Factoring in the cost of ward closures and outbreaks, Linda estimates Rediroom made for a cost-effective intervention – echoing work published in the Journal of Hospital Infection last year.
But, of course, it’s not just about the financials, we’re dealing with patient safety. “From the data we collected,” says Linda, “we were able to prove not just that we could save money, but keep more patients safe.”
Getting ready for Rediroom
The IPC Team were the drivers. But Linda tells me just how important it was to engage with Operations, Incident Control and the staff on the wards.
“We picked Rediroom champions. That’s the key when implementing anything new: get good champions.” Linda tells me how they assembled a team of nurses, HCAs, Care Navigators and matrons across their sites who were well trained on how to setup and tear down the Redirooms.
Care Navigator, Maria is one of North Lincolnshire & Goole’s most passionate Rediroom champions. Maria’s expertise helps the team use Rediroom to keep patients safe.
They even created a centralised database of “Rediroom champions.” If a patient on a far-away ward needed isolating out of hours, all the local ward staff had to do was check the database for a Rediroom champion to come and support them 24/7.
The team even added Rediroom demonstration videos to a section on their intranet site.
Of course, with an intervention like this, getting patient buy-in is vitally important.
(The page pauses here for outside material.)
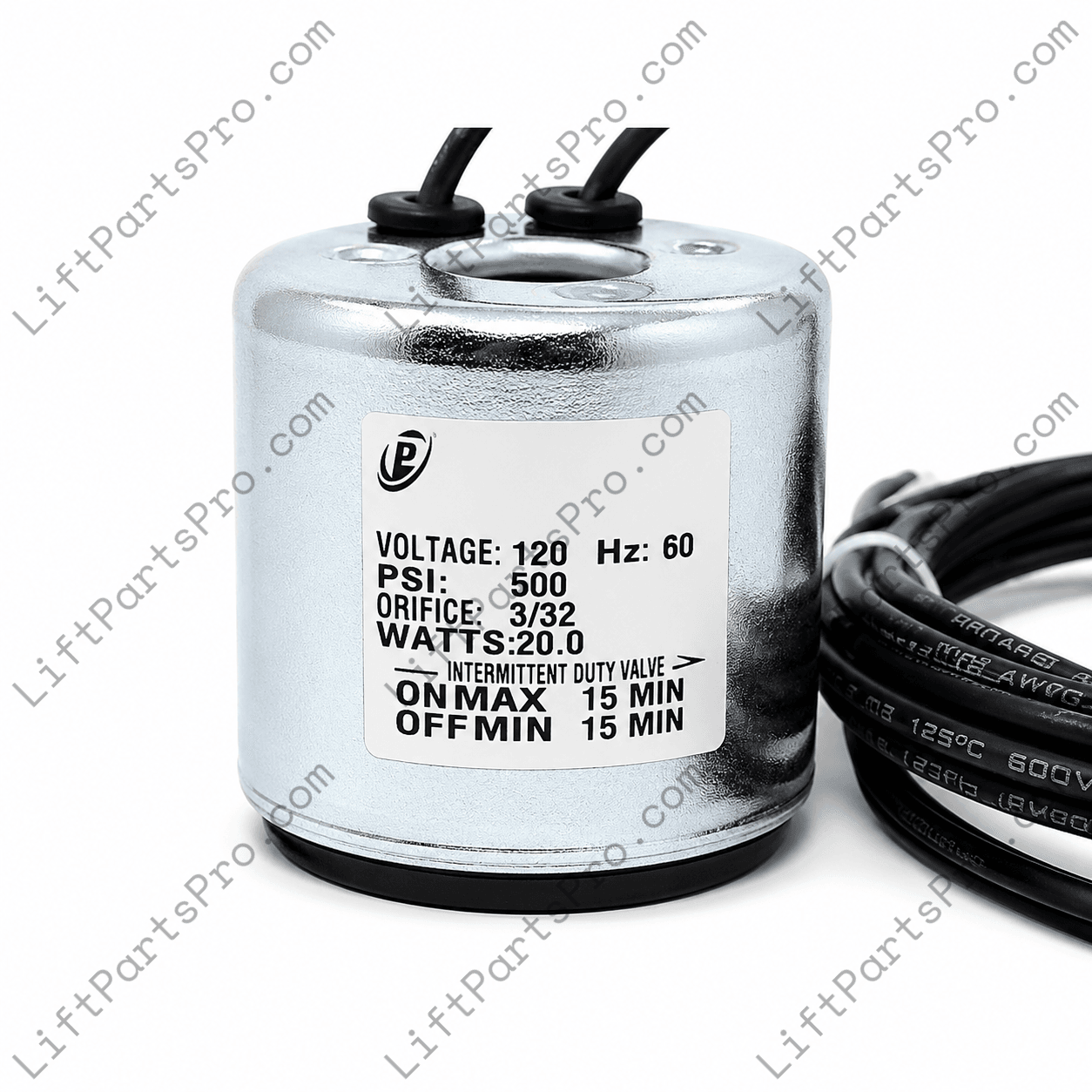 ThyssenKrupp Dover Solenoid Coil 200ABG1, 200ABE1 replacing Skinner PM2F1210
The team conducted a survey of occupants to gauge their perception.
“Felt safe is the phrase we heard a lot,” says Linda. The team explained why they’re using a Rediroom as part of the admissions criteria for occupants and neighbours. When you took the time to explain what the Rediroom was for, the team found it helped patients find comfort in the presence of a Rediroom.
“You do have to choose the patient.” Linda explains. But, when you take the time to explain how the Rediroom is keeping them safe, patients can become powerful advocates.
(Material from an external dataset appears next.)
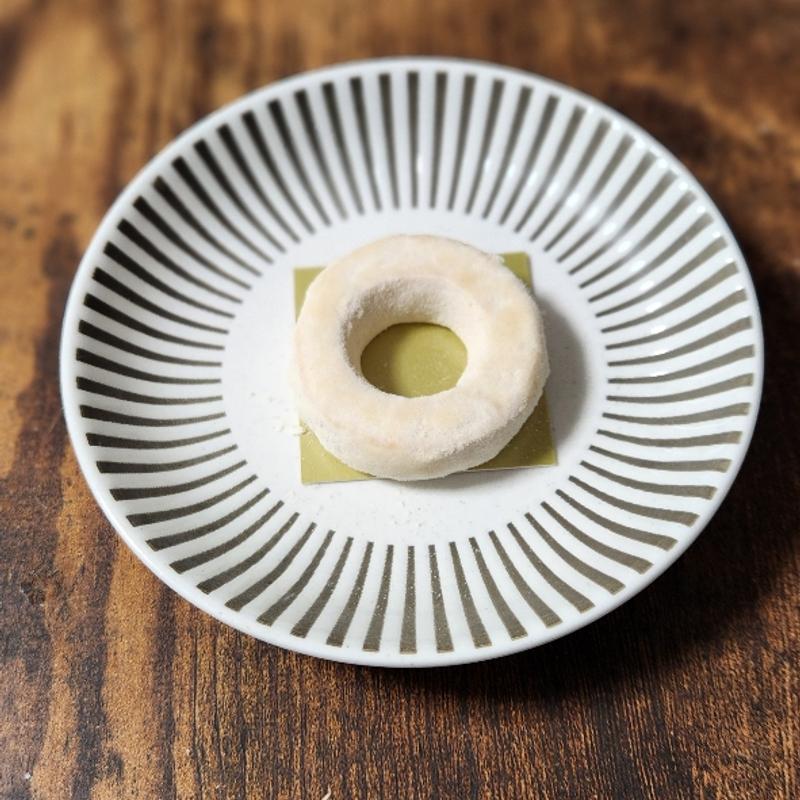 和三盆リングサブレ(ポッシュ・ドゥ・レーヴ芦屋)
Rediroom features hands-free door entry & exit – operated via kick-plates – designed to reduce the risk of hand contamination as healthcare professionals enter and leave the unit.
Linda recalls an elderly gentleman in a bed opposite a Rediroom who, to make sure the feature was used, would use his walking stick to point out the kick-plates to approaching staff.
With COVID numbers in the Trust dropping, how are the team using their learnings?
At Scunthorpe General Hospital, the Redirooms are staying up. Because each Rediroom fits within a single bed space, they’ve allowed the admissions unit to increase their isolation capacity without losing any bed spaces.
At Diana Princess of Wales Hospital, smaller bed spaces in the admissions unit mean removing an extra bed to allow for each Rediroom. Even still, Linda explains that, because they reduce the risk of bay and bed closures, the Redirooms can actually increase overall bed capacity. The hospital has kept up their Redirooms on the short-stay ward and are using the others responsively whenever a suspected or confirmed infection is found.
Linda mentioned, two Redirooms had already gone up that morning – one for a patient with influenza, one for MRSA. Both were used to isolate admitted patients when permanent, fixed isolation facilities reached capacity.
“COVID drove us to get them in the first place but we already use them for other things. MRSA for example. It spreads via contact so we can place a patient who’s colonised in a Rediroom and free up our permanent isolation spaces for higher-risk infections.”
“The key word is ‘flexible’.” says Linda.